The output from the T-SQL code i

The image below is a plot made from sampling 100 points generated by the T-SQL code above. The four clusters are clearly defined in the corners of the plot.

a plot made from sampling 100 points generated by the T-SQL code

In Visual Studio, create a new Analysis Services Multidimensional and Data Mining Project. In this tip, we will name the project ClusteringExample. Click on OK when finished with the New Project window.

 create a new Analysis Services Multidimensional and Data Mining Project

In the Solution Explorer window, right-click on the Data Sources folder and choose "New Data Source..." to initiate the Data Source Wizard. Click on "Next".

right-click on the Data Sources folder and choose "New Data Source..."

Choose your data connection, if one exists. If a Data connection does not exist, click on "New..." to create a new data connection. In this example, we are using a connection to the Tips database on the localhost. Click on "Next".

If a Data connection does not exist, click on "New..."

On the Impersonation Information screen, click on "Use a specific Windows user name and password." Enter your username and password. Click on "Next".

Enter your username and password. Click on "Next ".

On the Completing the Wizard screen, the data source name can be changed if desired. Click on "Finish".

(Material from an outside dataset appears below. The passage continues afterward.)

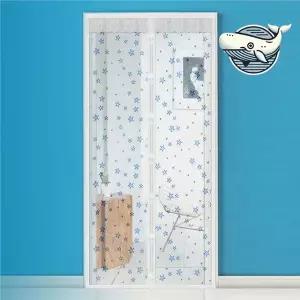 강력 자석 모기차단망 대형 여름 필수품 실내 방충망교체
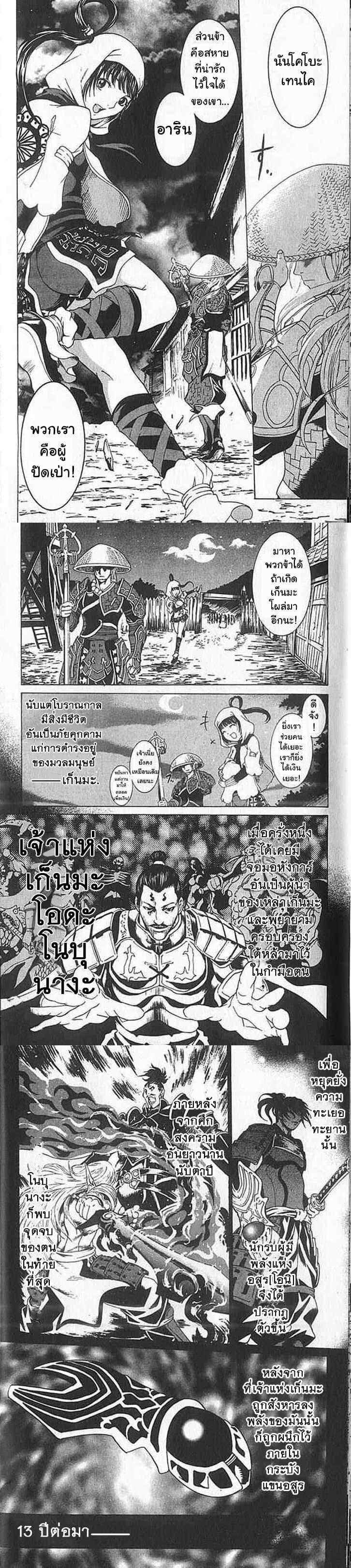 Manga-lc-com อ่านมังงะ อ่านการ์ตูน ออนไลน์ ฟรี Shin Onimusha  Twilight of Desire ตอนที่ 1 2 3 4 5 6 7 8 9 10 11 12 13 14 ฟรี ไม่มีโฆษณา Manga-lc - อ่าน มังงะ อ่าน การ์ตูน ออนไลน์ อ่านมังงะ ฟรี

the data source name can be changed if desired.

In the Solution Explorer window, right-click on the Data Source Views folder and choose "New Data Source View..." to launch the Data Source View Wizard. Click on "Next".

choose "New Data Source View..."

On the Select a Data Source page in the Relational data sources window, select the data source we created in the above step. Click on "Next".

select the data source we created

On the Name Matching page, check the box for "Create logical relationships by matching columns." In the Foreign key matches box, press the "Same name as primary key" button. Click on "Next".

In the Foreign key matches box, press the "Same name as primary key" button.

On the Select Tables and Views page, move tblClusterExample from the Available Objects box to the Included object box by selecting tblClusterExample in the Available objects box and then clicking on the ">" box. Click on "Next".

On the Select Tables and Views page, move tblClusterExample from the Available Objects box

On the Completing the Wizard page, give the Data Source View a name and click on "Finish".

give the Data Source View a name and click on "Finish"

The Solution Explorer should appear as it does below with one Data Source and one Data Source View defined.

The Solution Explorer should appear as it does below with one Data Source and one Data Source View defined.

In the Solution Explorer window, right-click on the Mining Structures folder and choose "New Mining Structure..." to launch the Data Mining Wizard. Click on "Next".

In the Solution Explorer window, right-click on the Mining Structures folder and choose "New Mining Structure..."

On the Select the Definition Method page, press the radio button labeled "From existing relational database or data warehouse". Click on "Next".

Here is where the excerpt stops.